### Your objective
Your reply should consist of the listing, copied exactly.
Data excerpts section start
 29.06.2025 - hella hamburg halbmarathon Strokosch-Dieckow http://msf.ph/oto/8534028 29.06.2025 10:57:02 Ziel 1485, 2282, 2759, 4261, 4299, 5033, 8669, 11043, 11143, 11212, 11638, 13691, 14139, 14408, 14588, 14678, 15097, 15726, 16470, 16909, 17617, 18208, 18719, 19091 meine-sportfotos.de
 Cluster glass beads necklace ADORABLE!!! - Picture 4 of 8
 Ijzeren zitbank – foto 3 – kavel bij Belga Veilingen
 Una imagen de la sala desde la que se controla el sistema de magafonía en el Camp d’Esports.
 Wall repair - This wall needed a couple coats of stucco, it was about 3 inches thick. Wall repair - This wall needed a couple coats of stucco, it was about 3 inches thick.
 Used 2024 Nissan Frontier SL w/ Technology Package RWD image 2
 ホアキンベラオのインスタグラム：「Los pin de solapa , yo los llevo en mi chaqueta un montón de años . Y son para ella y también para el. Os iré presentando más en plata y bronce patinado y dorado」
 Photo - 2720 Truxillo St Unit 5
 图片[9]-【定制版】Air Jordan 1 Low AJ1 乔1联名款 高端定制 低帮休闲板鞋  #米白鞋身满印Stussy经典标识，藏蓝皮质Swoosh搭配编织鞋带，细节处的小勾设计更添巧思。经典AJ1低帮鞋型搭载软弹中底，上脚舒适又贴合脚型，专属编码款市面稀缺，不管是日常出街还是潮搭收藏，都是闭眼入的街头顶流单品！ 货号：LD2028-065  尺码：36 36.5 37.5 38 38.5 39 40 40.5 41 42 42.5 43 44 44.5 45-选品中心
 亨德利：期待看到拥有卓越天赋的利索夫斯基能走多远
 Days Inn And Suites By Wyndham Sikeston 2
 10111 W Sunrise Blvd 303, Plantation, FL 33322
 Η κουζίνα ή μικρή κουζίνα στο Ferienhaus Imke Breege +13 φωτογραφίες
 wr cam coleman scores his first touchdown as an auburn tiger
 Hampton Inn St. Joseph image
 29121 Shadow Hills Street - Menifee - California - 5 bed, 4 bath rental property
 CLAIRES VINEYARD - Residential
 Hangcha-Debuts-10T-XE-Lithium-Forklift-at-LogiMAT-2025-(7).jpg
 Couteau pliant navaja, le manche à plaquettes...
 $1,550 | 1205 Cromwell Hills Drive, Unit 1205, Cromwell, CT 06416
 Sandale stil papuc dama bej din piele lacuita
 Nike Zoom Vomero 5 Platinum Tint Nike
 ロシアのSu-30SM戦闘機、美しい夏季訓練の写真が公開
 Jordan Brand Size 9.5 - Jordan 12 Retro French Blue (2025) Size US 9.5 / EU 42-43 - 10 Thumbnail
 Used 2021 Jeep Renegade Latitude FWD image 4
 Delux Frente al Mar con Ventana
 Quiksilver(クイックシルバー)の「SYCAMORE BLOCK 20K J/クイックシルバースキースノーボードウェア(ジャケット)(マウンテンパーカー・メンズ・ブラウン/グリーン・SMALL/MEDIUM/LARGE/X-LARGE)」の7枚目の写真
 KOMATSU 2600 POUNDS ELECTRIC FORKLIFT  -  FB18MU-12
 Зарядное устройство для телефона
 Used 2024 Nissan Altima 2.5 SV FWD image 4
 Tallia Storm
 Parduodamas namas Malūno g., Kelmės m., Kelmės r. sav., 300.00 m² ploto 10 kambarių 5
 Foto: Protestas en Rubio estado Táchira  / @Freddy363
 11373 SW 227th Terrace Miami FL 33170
Data excerpts section end
### Result of this exercise
 29.06.2025 - hella hamburg halbmarathon Strokosch-Dieckow http://msf.ph/oto/8534028 29.06.2025 10:57:02 Ziel 1485, 2282, 2759, 4261, 4299, 5033, 8669, 11043, 11143, 11212, 11638, 13691, 14139, 14408, 14588, 14678, 15097, 15726, 16470, 16909, 17617, 18208, 18719, 19091 meine-sportfotos.de
 Cluster glass beads necklace ADORABLE!!! - Picture 4 of 8
 Ijzeren zitbank – foto 3 – kavel bij Belga Veilingen
 Una imagen de la sala desde la que se controla el sistema de magafonía en el Camp d’Esports.
 Wall repair - This wall needed a couple coats of stucco, it was about 3 inches thick. Wall repair - This wall needed a couple coats of stucco, it was about 3 inches thick.
 Used 2024 Nissan Frontier SL w/ Technology Package RWD image 2
 ホアキンベラオのインスタグラム：「Los pin de solapa , yo los llevo en mi chaqueta un montón de años . Y son para ella y también para el. Os iré presentando más en plata y bronce patinado y dorado」
 Photo - 2720 Truxillo St Unit 5
 图片[9]-【定制版】Air Jordan 1 Low AJ1 乔1联名款 高端定制 低帮休闲板鞋  #米白鞋身满印Stussy经典标识，藏蓝皮质Swoosh搭配编织鞋带，细节处的小勾设计更添巧思。经典AJ1低帮鞋型搭载软弹中底，上脚舒适又贴合脚型，专属编码款市面稀缺，不管是日常出街还是潮搭收藏，都是闭眼入的街头顶流单品！ 货号：LD2028-065  尺码：36 36.5 37.5 38 38.5 39 40 40.5 41 42 42.5 43 44 44.5 45-选品中心
 亨德利：期待看到拥有卓越天赋的利索夫斯基能走多远
 Days Inn And Suites By Wyndham Sikeston 2
 10111 W Sunrise Blvd 303, Plantation, FL 33322
 Η κουζίνα ή μικρή κουζίνα στο Ferienhaus Imke Breege +13 φωτογραφίες
 wr cam coleman scores his first touchdown as an auburn tiger
 Hampton Inn St. Joseph image
 29121 Shadow Hills Street - Menifee - California - 5 bed, 4 bath rental property
 CLAIRES VINEYARD - Residential
 Hangcha-Debuts-10T-XE-Lithium-Forklift-at-LogiMAT-2025-(7).jpg
 Couteau pliant navaja, le manche à plaquettes...
 $1,550 | 1205 Cromwell Hills Drive, Unit 1205, Cromwell, CT 06416
 Sandale stil papuc dama bej din piele lacuita
 Nike Zoom Vomero 5 Platinum Tint Nike
 ロシアのSu-30SM戦闘機、美しい夏季訓練の写真が公開
 Jordan Brand Size 9.5 - Jordan 12 Retro French Blue (2025) Size US 9.5 / EU 42-43 - 10 Thumbnail
 Used 2021 Jeep Renegade Latitude FWD image 4
 Delux Frente al Mar con Ventana
 Quiksilver(クイックシルバー)の「SYCAMORE BLOCK 20K J/クイックシルバースキースノーボードウェア(ジャケット)(マウンテンパーカー・メンズ・ブラウン/グリーン・SMALL/MEDIUM/LARGE/X-LARGE)」の7枚目の写真
 KOMATSU 2600 POUNDS ELECTRIC FORKLIFT  -  FB18MU-12
 Зарядное устройство для телефона
 Used 2024 Nissan Altima 2.5 SV FWD image 4
 Tallia Storm
 Parduodamas namas Malūno g., Kelmės m., Kelmės r. sav., 300.00 m² ploto 10 kambarių 5
 Foto: Protestas en Rubio estado Táchira  / @Freddy363
 11373 SW 227th Terrace Miami FL 33170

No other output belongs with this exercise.